一个人孤零零站在大门口,确实有点害怕。突然间,不远的城镇里传来一阵噼里啪啦的枪响,我下意识就想找地方躲,但是眼前是光秃秃的围墙,站在哪里都非常显眼。枪声过了五分钟才停止,之后又是彻骨的寂静。望着来时那长长的土路,觉得武装分子就要杀过来了!
我再次把工作人员叫了出来,他说到南边那个清真寺开个证明就能照了——其实就是想把我这个麻烦人支走。但我就是不到黄河心不死,走到那个清真寺,几个士兵坐在门口,果不其然,又被扣押了。这次我连护照都没有,士兵发现这一点后,似乎抓到了现行恐怖分子。我用所有能想到的肢体语言努力争辩,半个小时后,他们似乎明白了,打了一个电话。

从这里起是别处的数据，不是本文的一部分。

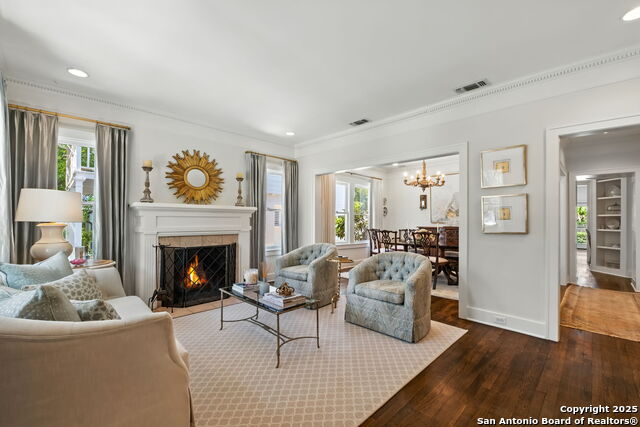 Listing photo id 2 for 125 Cloverleaf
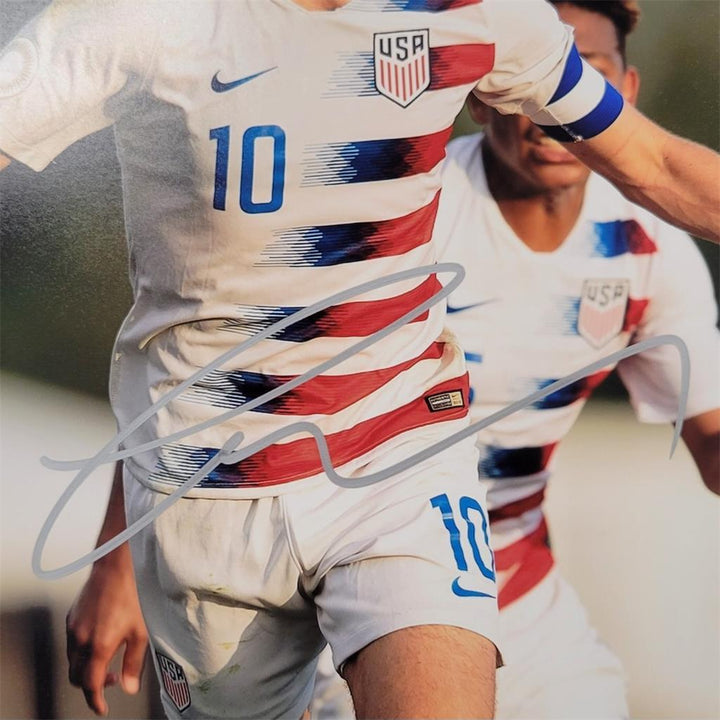 Giovanni Reyna signed USMNT Team USA 11x14 photo autograph ~ Beckett BAS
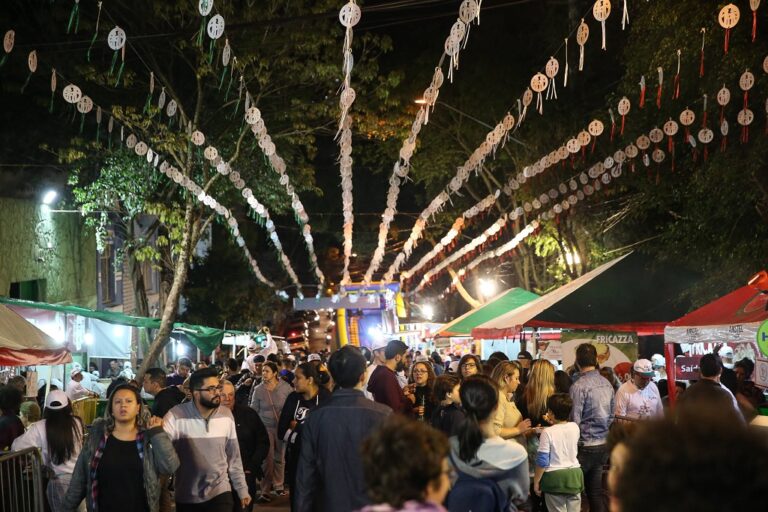 Quase centenária, Festa da Achiropita volta a ser realizada em SP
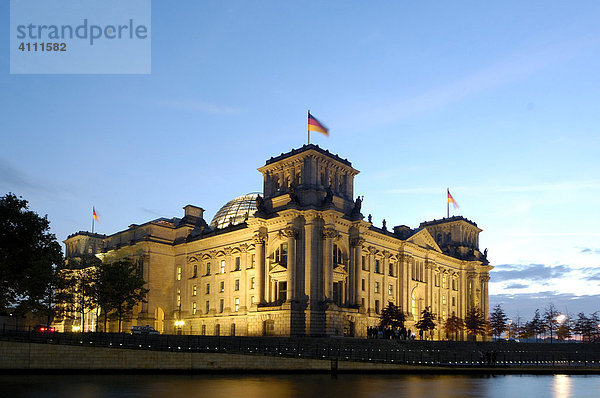 Reichstagsgebäude Parlament und Spree bei Dämmerung Berlin Deutschland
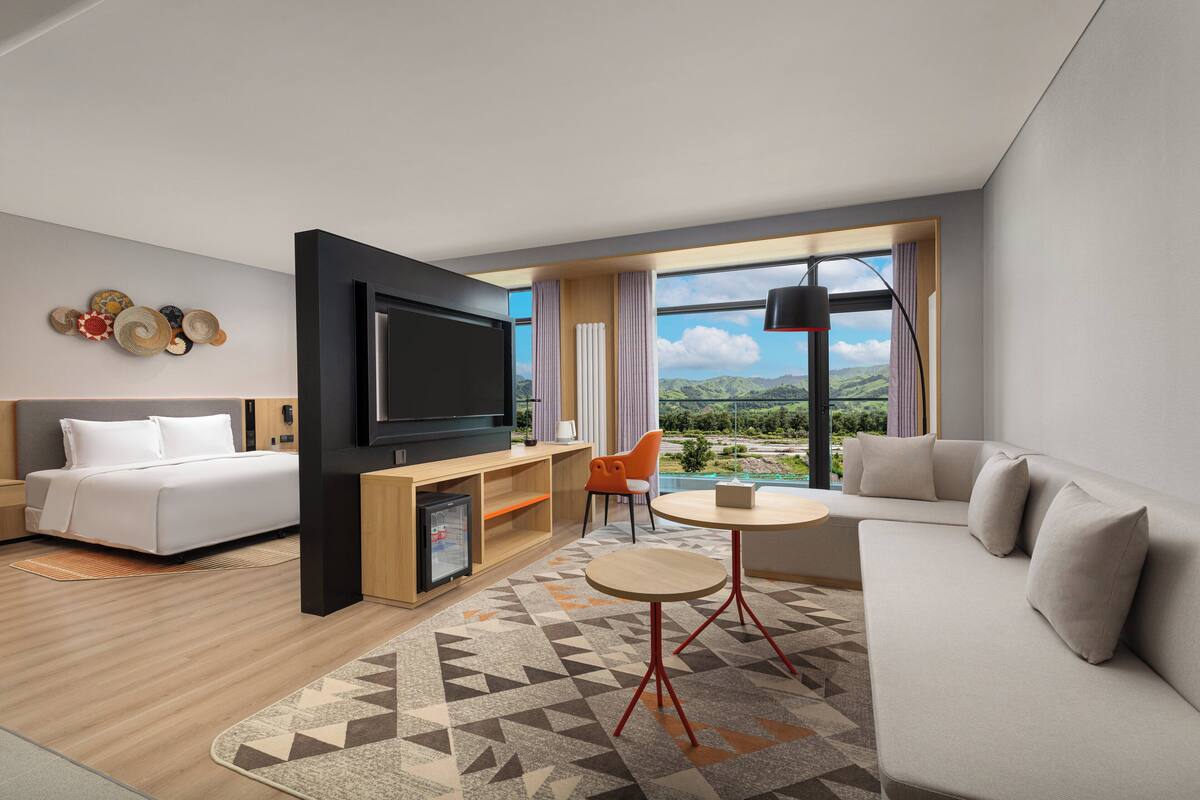 Suite, 1 kingsize bed, balkon (Grassland View) | Luxe beddengoed, donsdekens, een kluis op de kamer, een bureau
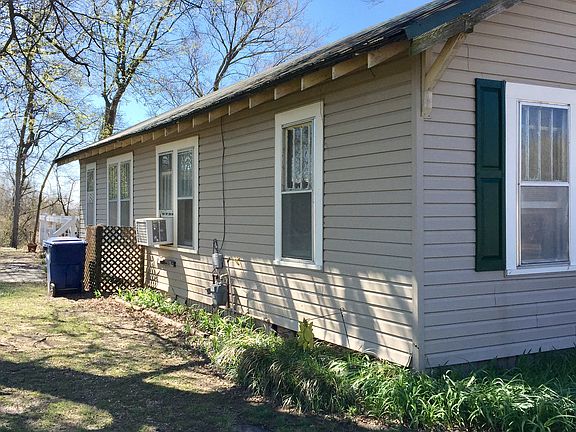 3rd image of 101 Sunflower Ave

一刻钟后,收我护照的士兵风尘仆仆地出现在我面前,一个劲儿跟我道歉。拉我上车后,他说文物局不让拍照,只好把我送走。这时车速还不快,我也不知哪里来的勇气,想要打开车门跳下去。士兵这回真被我的锲而不舍打动了。
接下来发生的事情就像做梦一般。士兵把车开到了军营,叫了他的两个弟兄,把我请到了一辆装甲车内。装甲车顶上开了盖,架着一挺冲锋枪。他的一个朋友开车,一个朋友坐在车顶,握着冲锋枪,就这样呼哧哧开到遗址门口。看门的吓坏了,没等士兵说话就打开了大门。士兵非常豪迈地跟我说:不用感谢我,是这辆车有面子!
泰西封作为希腊化之后近东最重要的城市,充当了帕提亚安息和萨珊波斯两个大帝国将近400年的首都。现存的这座拱门建于六世纪中叶的萨珊时期,是这个一代名都唯一的遗存。它其实是一座比现在大得多的宫殿的前半部分,高30多米,横跨将近25米,但拱壁不足一米厚,如此工艺让人叹为观止。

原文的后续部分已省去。